Lauren Book, author of “It’s OK to Tell: A Story of Hope and Recovery” and host of the website laurenskids.org, details in her book the particulars of her being the victim from the ages of 11 to 16 of sexual violence at the hands of her female nanny. Book, 27 and a graduate student at the University of Miami (Fla.), has made it her life’s mission to educate the public on prevention tactics that can stop pedophiles before they strike.

Interviewed by telephone last week, Book offered an interesting take on McQueary.

“To be honest with you, I don’t know that anybody can truly judge how he reacted to the situation,” Book said. “He did what he thought he was supposed to do. He went to the great Joe Pa to try to stop that. Some people say he should have physically gotten in the middle. A normal human is not accustomed to seeing a 10-year-old boy being sodomized. That’s a subhuman act. I’m sure he was very traumatized to see something like that.”
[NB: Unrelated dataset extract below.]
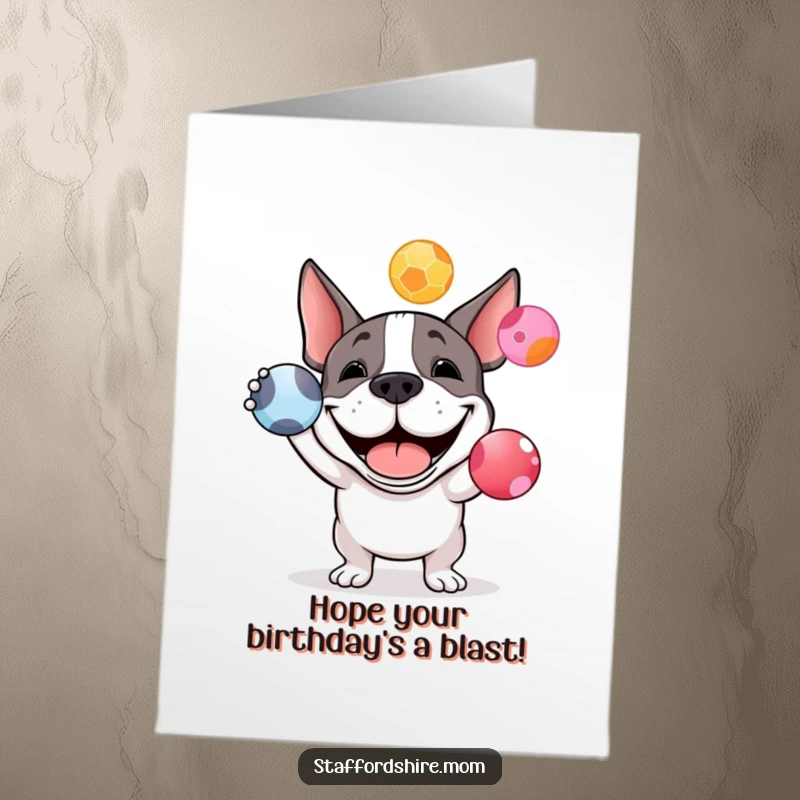 Funny Free Printable Birthday Card featuring a happy Staffordshire bull terrier grinning while attempting to juggle three colorful balls.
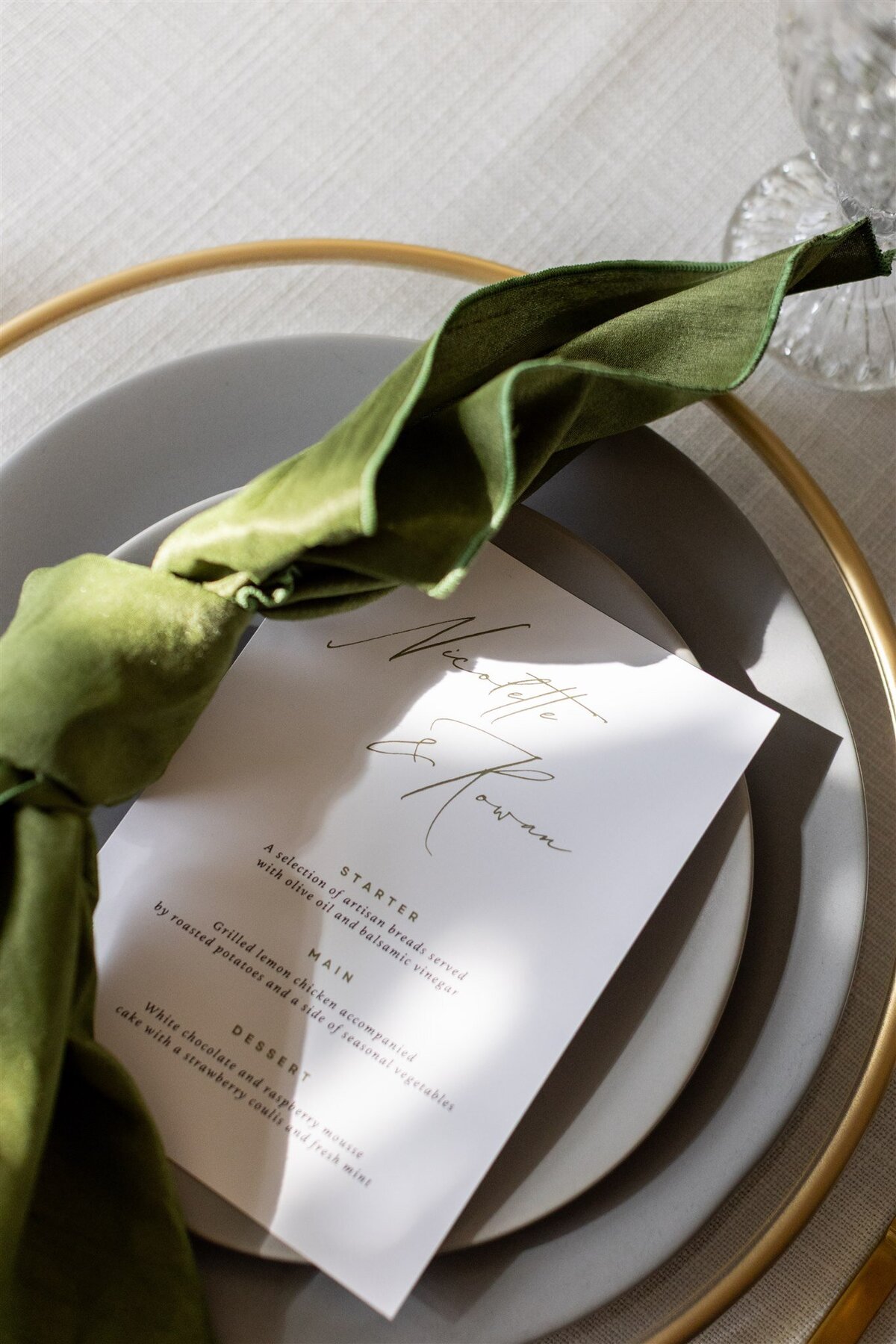 A table setting with a thoughtfully designed wedding menu and green linen napkin.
So, Book said, stop judging the man. But so many did, and McQueary then said in an email that became public that he did talk to police, which police have denied.

If the allegations against Sandusky prove true, pretty much everybody whose mind isn’t held hostage 24/7 by the aura of Penn State football agrees that Paterno, McQueary’s boss, should have done more to get a child molester off the street. The same goes for Paterno’s bosses.

Book said she has read the graphic 23-page grand jury report “several times.”

“If these allegations are true, and I believe they are, this was an active, complicit criminal conspiracy from respected individuals,” Book said. “I believe that they covered this up.”

Again prefacing it with the qualifier that if the allegations are true, Book added, “If you looked up pedophile in the dictionary, there would be a picture of Jerry Sandusky’s face. It was classic. How he preyed, chose these children from his charity, how he was grooming them. He built trust with the family and gave each child presents and attention, things he might not have been getting at home.”

Eight victims told their stories in the grand jury report.

“All these kids were saying, ‘He put a hand on my thigh.’ If a child doesn’t report that, he’s ripe for abuse,” Book said. “Then it went to tickling on the stomach and then to the more advanced and grotesque sexual assault. I’m very confident that more survivors will be coming forward.”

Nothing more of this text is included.